By Ty Anderson, 985TheSportsHub.com
The Bruins made their first move of the 2019 NHL offseason on Monday night, signing journeyman defenseman Steve Kampfer to a two-year extension worth $1.6 million ($800,000 per year).
A 5-foot-11 defender, Kampfer recorded three goals and three assists in 35 games for the Big B’s last season, and will stick with the Bruins after scoring one goal in his three postseason appearances during the 2019 Stanley Cup Playoffs. The 30-year-old Kampfer even appeared in a 2019 Stanley Cup Final game, too, as he suited up in the team’s Game 5 loss to the Blues.
Here are three thoughts on the B’s decision to make Kampfer their first re-signing of the summer…
At the very least, it’s affordable depth
The Bruins are haunted by the 2017 Stanley Cup Playoffs.
I mean that in a good way, too.
A six-game postseason run that saw the Bruins go 10 deep into their organizational depth chart, Bruins general manager Don Sweeney is hellbent on never having to dress another Tommy Cross in playoff play ever again (though they certainly came close with a 2019 Stanley Cup Final played without Zdeno Chara and Matt Grzelcyk at one point, and without Kevan Miller for the entirety of their postseason run). Keeping Kampfer, a veteran of 201 NHL games, 35 of which came last season as the Black and Gold’s eighth defenseman, represents a steady fill-in Bruins head coach Bruce Cassidy can trust in a pinch.
This is especially valuable when talking about a thinner right-side defense group featuring Kevan Miller (56 regular-season and 24 playoff games missed due to injury over the last two seasons), and pending RFAs Charlie McAvoy and Brandon Carlo.
And at $800,000, the Bruins aren’t exactly breaking the bank to keep Kampfer in Boston.
Does this mean anything for B’s summertime trade plans?
I’m curious to see if there’s a cap-clearing move that follows this extension.
Now, the Bruins have just over $12 million in cap space following Kampfer’s extension, with Carlo and McAvoy headlining their list of free agents this summer. Danton Heinen is also a restricted free agent, and Bruins president Cam Neely has identified a top-six winger as a definite need for the Bruins. Kampfer’s extension does not change their needs or severely impact the Black and Gold’s ability to address those needs, both in house and external.

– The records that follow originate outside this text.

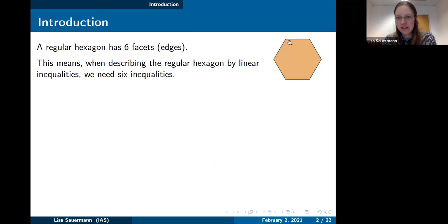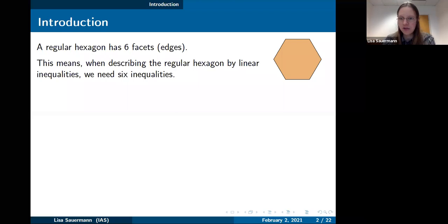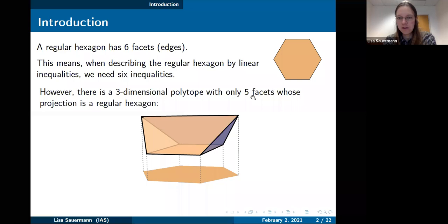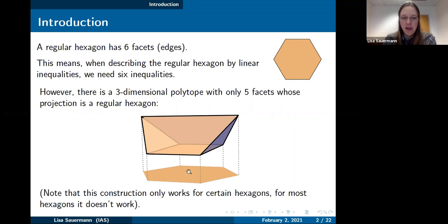Here you see a regular hexagon, and it has six faces, so six edges. That means if we want to describe this regular hexagon by linear inequalities, we have to write down at least six such linear inequalities. To describe it as an intersection of half-planes, you need at least six such constraints just because we have six edges.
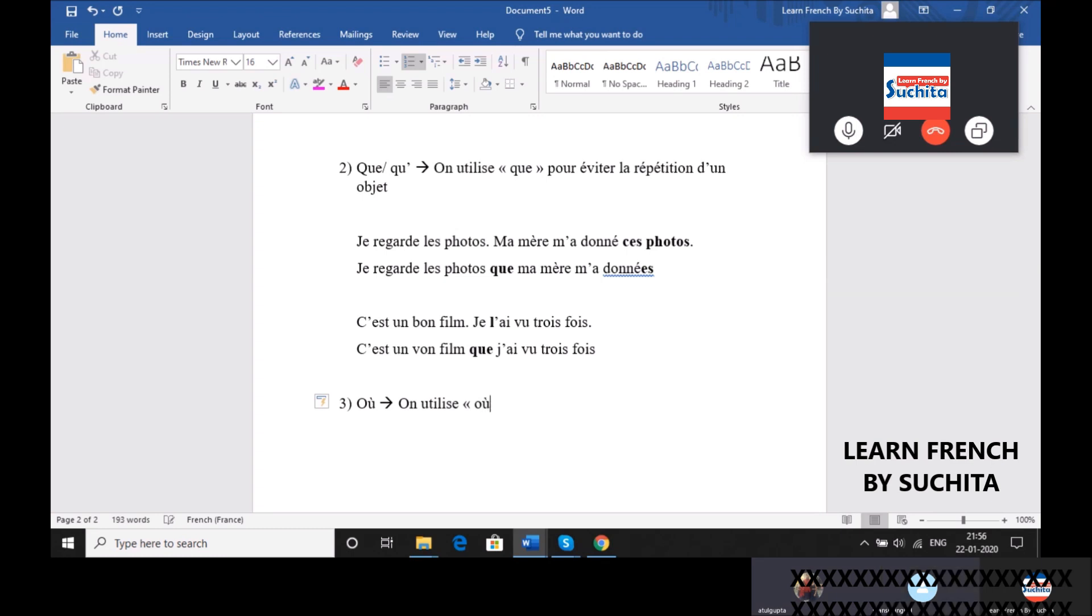Only with Passé Composé we have to accord, right? Yeah, normally also with Passé Composé we have to accord.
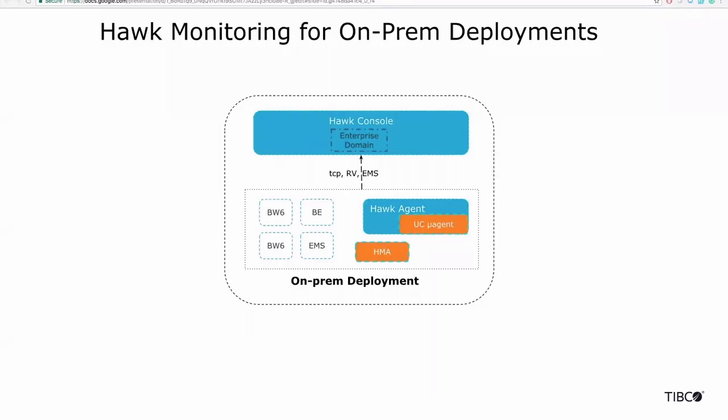Hawk has been used traditionally to monitor and manage enterprise applications. It can monitor machine data, OS level stats like CPU, memory, disk IO, network IO, and processes.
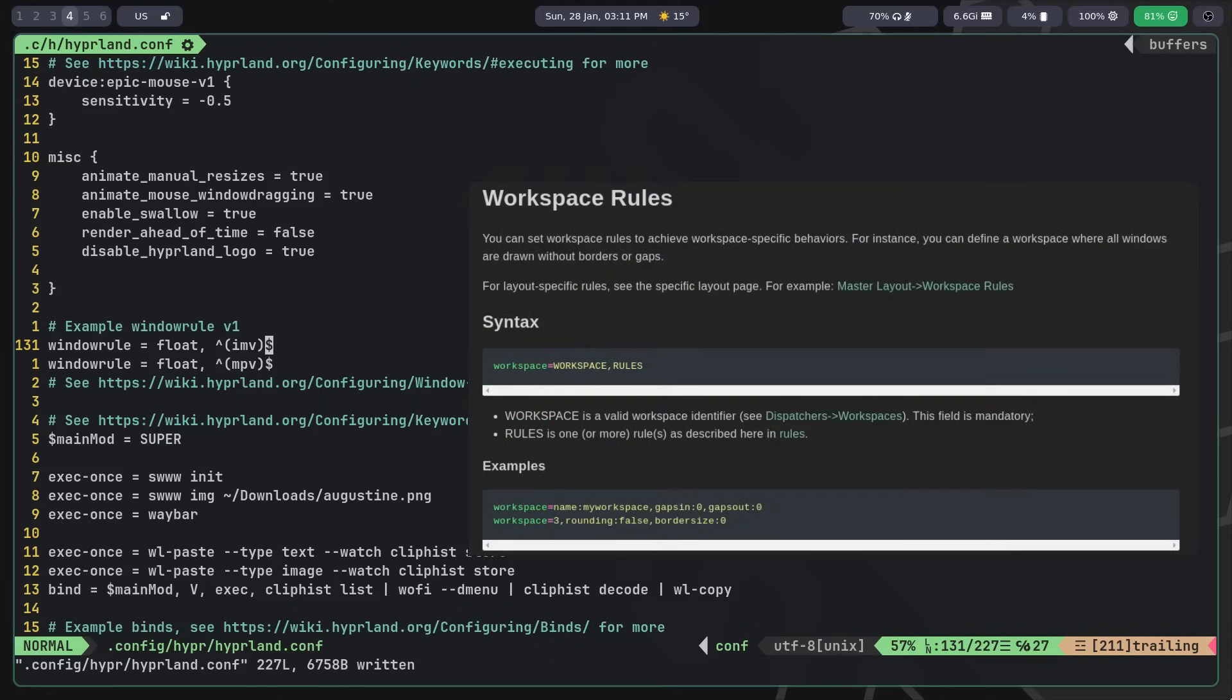Rules can also be added for workspaces. However, for some unclear reason to me, here you need to specify the workspace first and then the rule applied to it, rather than vice versa.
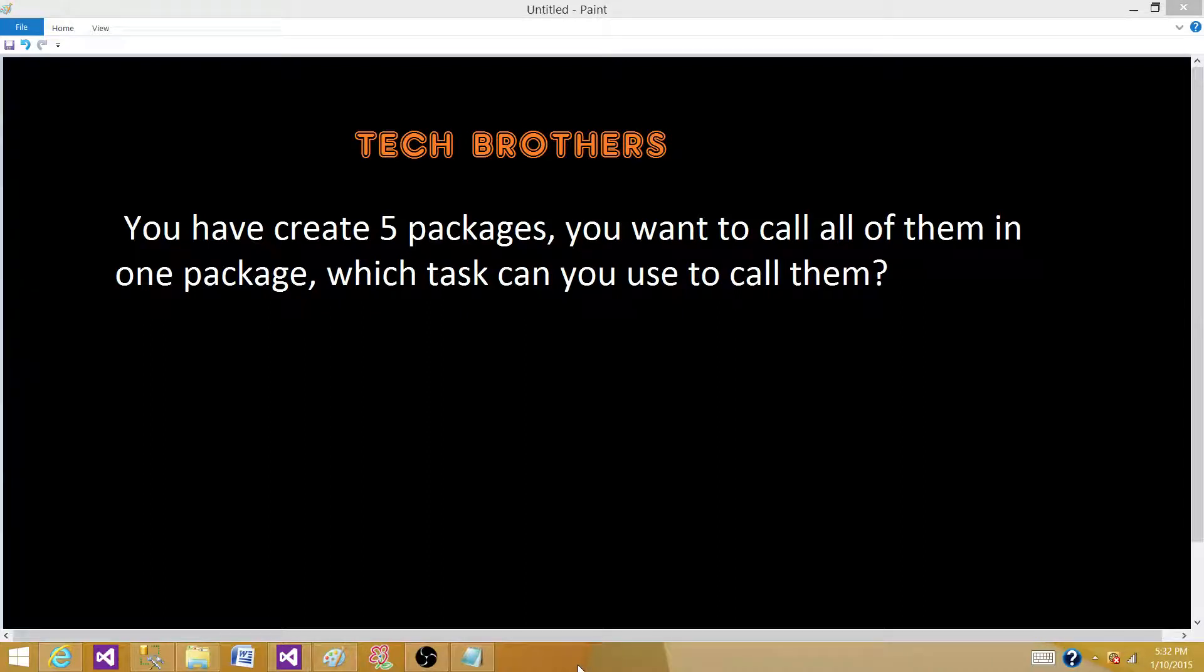Welcome to Tech Brothers with Amir. Today we are going to answer this question. You have created five packages. You want to call all of them in one package. Which task can you use to call all of them?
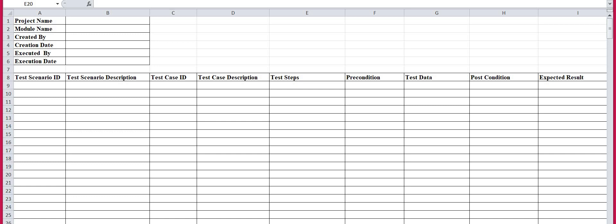Then test data — test data means the actual input which participates in the testing. That is the test data: the input provided to your system.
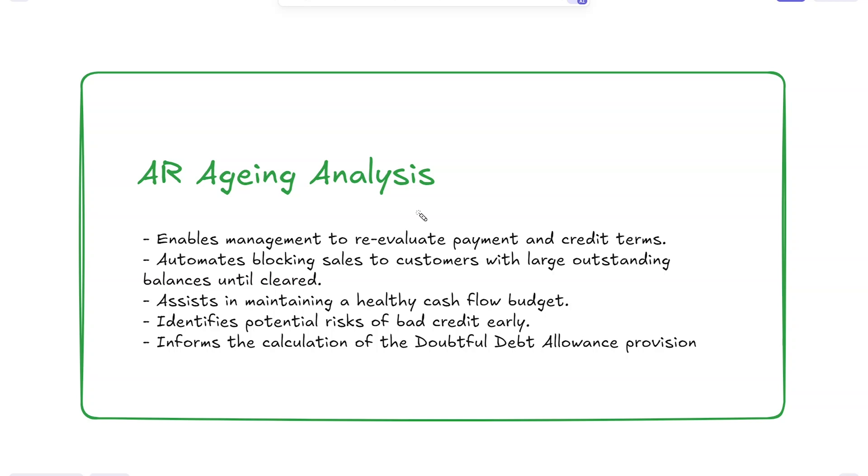The aging analysis helps us maintain a healthy cash flow for the business and helps us identify potential risks of bad credit. This helps us be better prepared for when some of our customers inevitably default on their payments.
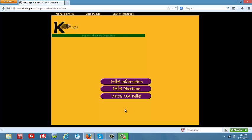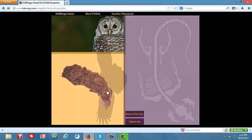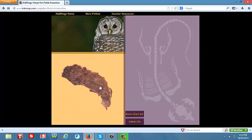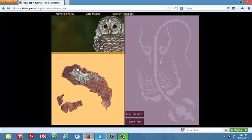Once students are ready to dissect, they may click on the virtual owl pellet. This will bring them to their virtual pellet that they may begin to dissect. To begin, they will click on it and remove the fur from the owl pellet.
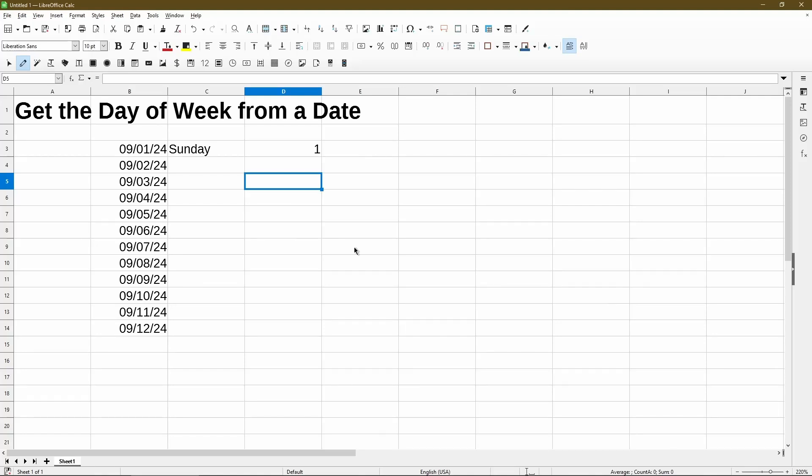In this video, I'll go over how to get the day of the week from a date in LibreOffice Calc. So in column B, I have a list of dates in September.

But it does make me wonder if there’s another move to follow.
The Bruins could very well carry eight defensemen for the third straight season. In fact, given the way their last few years have gone, you could argue that it’s perhaps their best move. Including Connor Clifton (more on him in a bit), the Bruins have a total $15.425 million of defensive cap hits on their 2019-20 books. That number could jump another $10 to 11 million dollars — perhaps even more — once Carlo and McAvoy are signed to new deals. And if the Bruins are truly determined to improve their top six as previously mentioned, a cut is likely going to have to come from somewhere. But David Backes’ contract has been considered “immovable.” Power-play quarterback Torey Krug is too valuable to lose for cap-clearing and nothing more.
So, does that change how the Bruins look at Miller (entering the final year of a $2.5 million per year contract) or Johnny Moore (on the hook for $2.75 million per season for the next four years) moving forward? Now, unfortunately for all involved, Miller is coming off a broken kneecap while Moore played through a broken humerus in the postseason. Trading either isn’t impossible, but it’s not exactly the easiest thing to do, and the optics of trading injured players who gave you their all is never good. It would be especially worrisome if the Bruins traded Moore just one year into his five-year deal and after he played (significantly) hurt.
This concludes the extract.